Introducing fate into his play by way of luck at games, Williams pits Stanley's chances of survival against Blanche's. When Williams summed up the moral of the play as, "If we don't watch out, the apes will take over" … he expressed the same view of existence that he delegated to Blanche in her speech denouncing the poker players as "a party of apes." That the tone and strategy of the play reveal it not merely as a cautionary drama but as a tragedy of the futility of attempting to flee the apes, I have stressed above. What the play really demonstrates is that, willy-nilly, the apes must take over since apishness is presented throughout as the natural, unavoidable condition not only of survival but of existence itself. (p. 88)
Throughout the play, images drawn from gaming, chance and luck compete in number with those suggesting water and voyage. The sixth scene, for example, renders Mitch's marriage proposal to Blanche within the framework of imagery suggesting the game of chance which Blanche is desperately playing with him and with survival…. The presence of the Pleiades in the sky seems to comfort Blanche; her reference to them as bridge ladies not only aligns them with the imagery of existence as a game of chance, but the familiarity with which Blanche treats the seven nymphs who, even as stars, must constantly flee the mighty, devastating hunter, Orion, suggests mythically and cosmically, a parallel to her own danger, pursued as she is by Stanley's vital lust for domination and destruction. The scene ends with Blanche's pathetic belief that Mitch's proposal is a sign that the gods have furnished her with an eartly protector. "Sometimes—," she says, "there's God—so quickly!" (p. 90)

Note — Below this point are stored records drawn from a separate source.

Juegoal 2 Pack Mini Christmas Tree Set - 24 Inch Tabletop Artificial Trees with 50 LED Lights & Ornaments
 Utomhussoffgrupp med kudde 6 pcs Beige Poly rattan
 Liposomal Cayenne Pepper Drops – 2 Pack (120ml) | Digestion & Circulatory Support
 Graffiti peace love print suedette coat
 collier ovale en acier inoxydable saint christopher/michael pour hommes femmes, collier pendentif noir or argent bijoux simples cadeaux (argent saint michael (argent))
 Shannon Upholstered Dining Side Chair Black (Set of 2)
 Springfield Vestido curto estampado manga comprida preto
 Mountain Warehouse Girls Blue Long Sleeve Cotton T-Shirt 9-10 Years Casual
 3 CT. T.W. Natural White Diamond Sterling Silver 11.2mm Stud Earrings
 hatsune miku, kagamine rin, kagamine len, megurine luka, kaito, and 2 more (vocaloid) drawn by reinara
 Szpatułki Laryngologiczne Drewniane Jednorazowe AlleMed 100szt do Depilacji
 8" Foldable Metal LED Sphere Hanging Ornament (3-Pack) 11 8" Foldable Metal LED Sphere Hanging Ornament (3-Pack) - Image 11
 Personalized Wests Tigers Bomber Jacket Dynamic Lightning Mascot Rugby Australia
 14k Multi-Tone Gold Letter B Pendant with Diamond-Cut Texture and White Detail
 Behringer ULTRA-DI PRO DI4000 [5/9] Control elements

Generally, the two major image patterns concerned with voyage (particularly as escape from fate by means of water) and with games (as the framework of human chance and destiny) are only very casually suggested; occasionally they are even joined in a single speech as when Blanche, for example, explains to Mitch why she has come to Elysian Fields: "There was nowhere else I could go. I was played out. You know what played out is? My youth was suddently gone up the water-spout, and—I met you …" (my italics …). In the last scene of the play, Williams more forcefully calls attention to his two most important image patterns in a superbly executed finale that boldly juxtaposes them. (p. 91)
After introducing the theme of the fatal card game as an analogue of earthly existence, the last scene of Streetcar shifts to focus on Eunice and Stella as they prepare Blanche for another journey. Speaking from the bathroom which has been her refuge throughout the play, Blanche asks, "Is the coast clear?"… In having Blanche ask for a bunch of artificial violets to be pinned with a seahorse on the lapel of her jacket. Williams portrays her insignia: the violet which traditionally symbolizes innocence in flower language together with the creature whose natural habitat would be water—not land. (p. 92)
Throughout A Streetcar Named Desire, Williams used every device of theatrical rhetoric to portray and orchestrate existence as a study game. From the desperate gaiety of the tinny "Blue Piano" which Williams says in his first stage direction "expresses the spirit of the life which goes on here" to the brawling of the Kowalskis and their neighbors, from the cries of the street vendors ("Red hot!" and "Flores para los muertos") to what Elia Kazan called the "ballet" of the passerby in quest of money or sex, Williams created in Streetcar a frenetic dramatization of spiritual frustration and physical satiation alike, of life fraught with death (Blanche) and of death burning with life (Elysian Fields). Though not without its quieter moments and lyrical interludes, the play might best be characterized as a syncopated rendition of what Williams views as the basic rhythm of physical existence: tumescence and detumescence, desire and death. (p. 94)
To point out the symbolic, mythic and tragic implications of the literary and theatrical imagery in Streetcar is not to deny that the play is often as jazzy and comic as the vision of existence it depicts (though close inspection reveals that the jazz is usually desperate and the comedy often very cruel). Elements of melodrama, frequently present in tragedy, are also evident in its structure—to such an extent that they have sometimes blinded viewers to its other qualities. Even the usually perspicacious Susan Sontag wrote in her controversial essay of 1964, "Against Interpretation," that Streetcar should be enjoyed merely as "a forceful psychological melodrama … about a handsome brute named Stanley Kowalski and a faded mangy belle named Blanche DuBois …" and that any other interpretation of the play would be unwarranted.
What I have tried to do in this essay, however, is to avoid rehashing the most blatantly realistic aspects of the play and to view it, instead, in terms of Williams' persistent concern with creating universal and "timeless" worlds in his plays. In play after play, Williams has consistently (albeit with varying degrees of success) employed symbolism and the mythic mode to universalize the significance of the realistic action he posits, not only, apparently, because he thinks of symbolism and universality as essentials of art, but also because these qualities seem to be characteristic of his personal reactions to life in general. (p. 95)
Read in the light of Williams' personal and aesthetic predilections, all the images, symbols and allusions, even what appear to be only the most casual or realistic of details in Streetcar, combine to reveal a tragic parable of the pitiable and terrible fate of the human soul. Incarnated in treacherous, decaying matter, the soul, it appears, has been destined to voyage continually from one broken world to another, the only kinds of environment open to it in a flawed universe…. As Tennessee Williams dramatizes his vision of existence in A Streetcar Named Desire, we see that "from the beginning" the cards of destiny have indicated a seemingly endless voyage for the human soul through progressively disastrous worlds, and the name of the game is tragedy. (pp. 95-6)
Leonard Quirino, "The Cards Indicate a Voyage on 'A Streetcar Named Desire'," in Tennessee Williams: A Tribute, edited by Jac Tharpe, University Press of Mississippi, 1977, pp. 77-96.